On 26/07/2014 03:02 p.m., Ian Forbes wrote:
>>> This defaults to `boost::chrono::steady_clock`. There is a static assert to ensure that `Clock` is steady.
>> Given that you restrict everything to steady clocks, What's the
>> rationale for restricting to a single `time_point` instantiation only?
>> Furthermore, restricting to a single `duration` makes absolutely no
>> sense. Any `duration` can be mapped to a steady `time_point` and still
>> meet the timing specifications.
> This seems to be a popular request. I will look into it.

I am not surprised. Note that proper Chrono support is trivial for any
Clock for all your timed operations but some of those involving a

You may wanna read the following
. It was partly motivated by the poor choices made by the executors

>>> This is also satisfied by `high_resolution_clock` (...)
>> It is not.
>>> (...) is no longer a factor like with `steady_clock` and `high_resolution_clock` which are wall clocks.
>> They are not (or may not be). The only guarantees are that
>> `system_clock` represents a wall clock, `steady_clock` represents a
>> clock that may not be adjusted, `high_resolution_clock` represents a
>> clock with the shortest tick period. In particular, `steady_clock` and
>> `high_resolution_clock` may be aliases for other clocks.
> It's not guaranteed but I would assume it is steady for most modern machines.

Sorry, but that's not how it works. You can't base your work on
assumptions nor observations, only guarantees. In particular, your
observations don't hold for other platforms; and then there's the broken
platforms where clocks pretend to be steady when in reality they are not.

You have already correctly identified that any implementation has to be
based on a steady clock (kudos! the executors proposal got this wrong).
Once you have a steady clock, you can support timed operations for all
`duration`s, and all `time_point`s of any other steady clock. In order
to support `time_point`s of non-steady clocks too, it would be enough to
meet the standard timing specifications to wrap the closure into a
helper task that checks if the timeout is already satisfied, and
reschedules the closure otherwise (this may not be trivial, I haven't
looked at your implementation in detail).

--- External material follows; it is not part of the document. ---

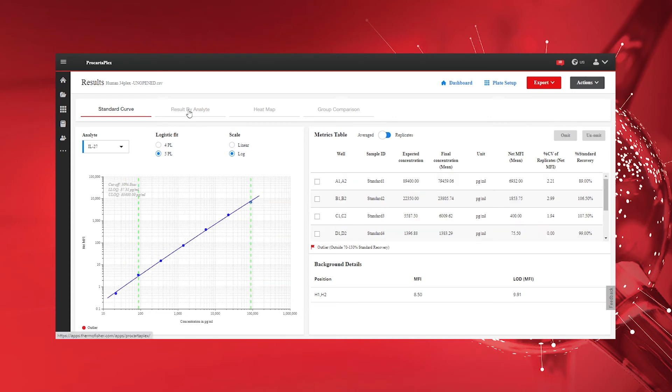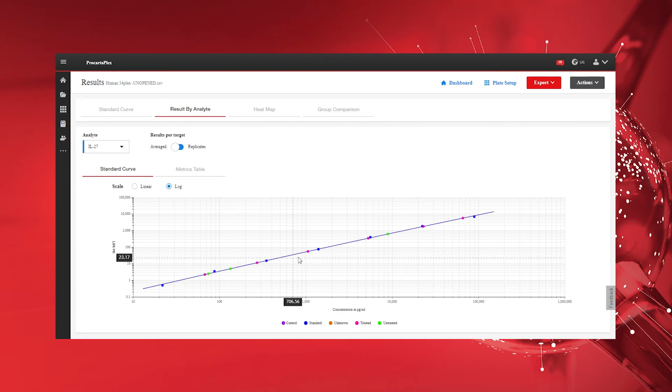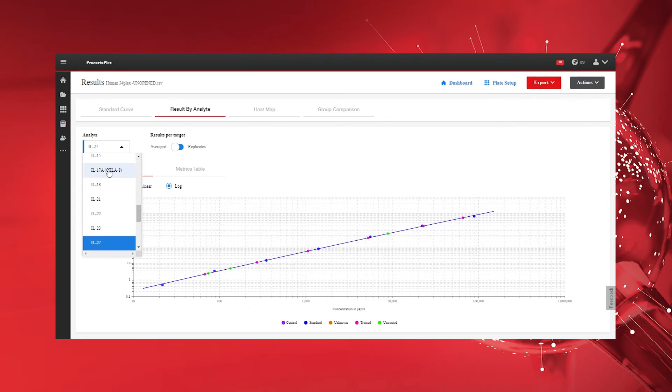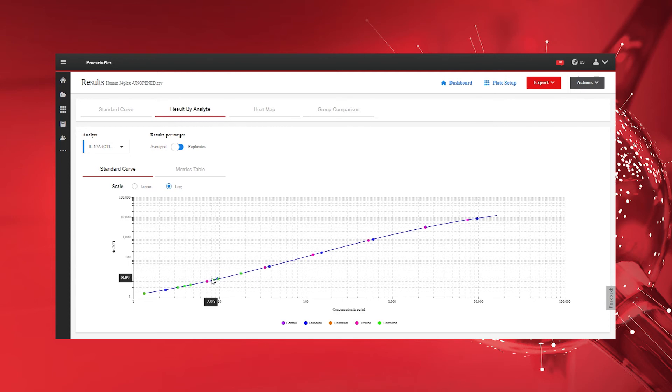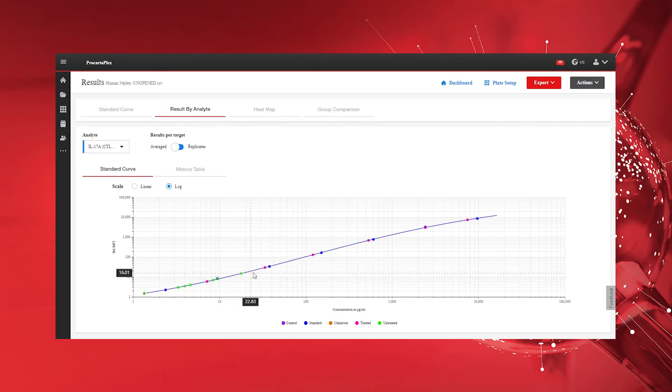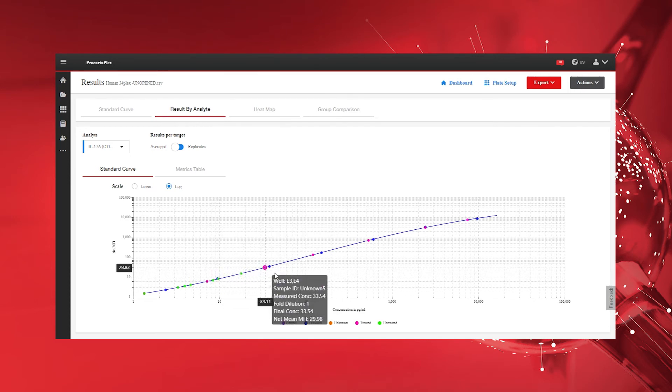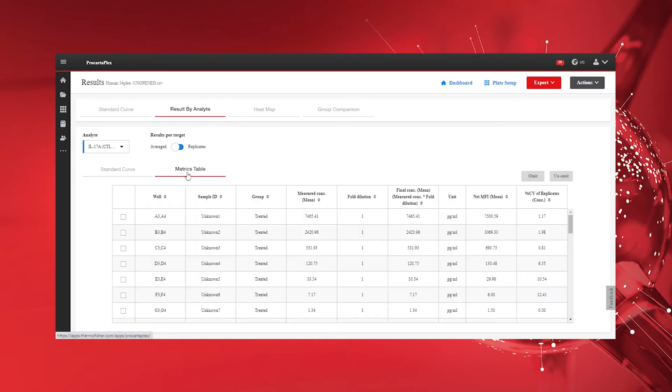Navigate to the Results by Analyte tab to view your samples and standard points plotted onto the Standard Curve. Click on Metrics table to get a tabular view of your measured results.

There is one and only one standard clock that is guaranteed to be
steady, and that is the `steady_clock`. Build your implementation on top
of it. Don't provide the user a way to specify the implementation Clock,
provide the proper interface instead. If there happens to be a better
choice than `steady_clock` for a particular platform (I'm not saying
there is), and said clock is **guaranteed** to be steady, then the
decision to use it should belong to the library and not the user.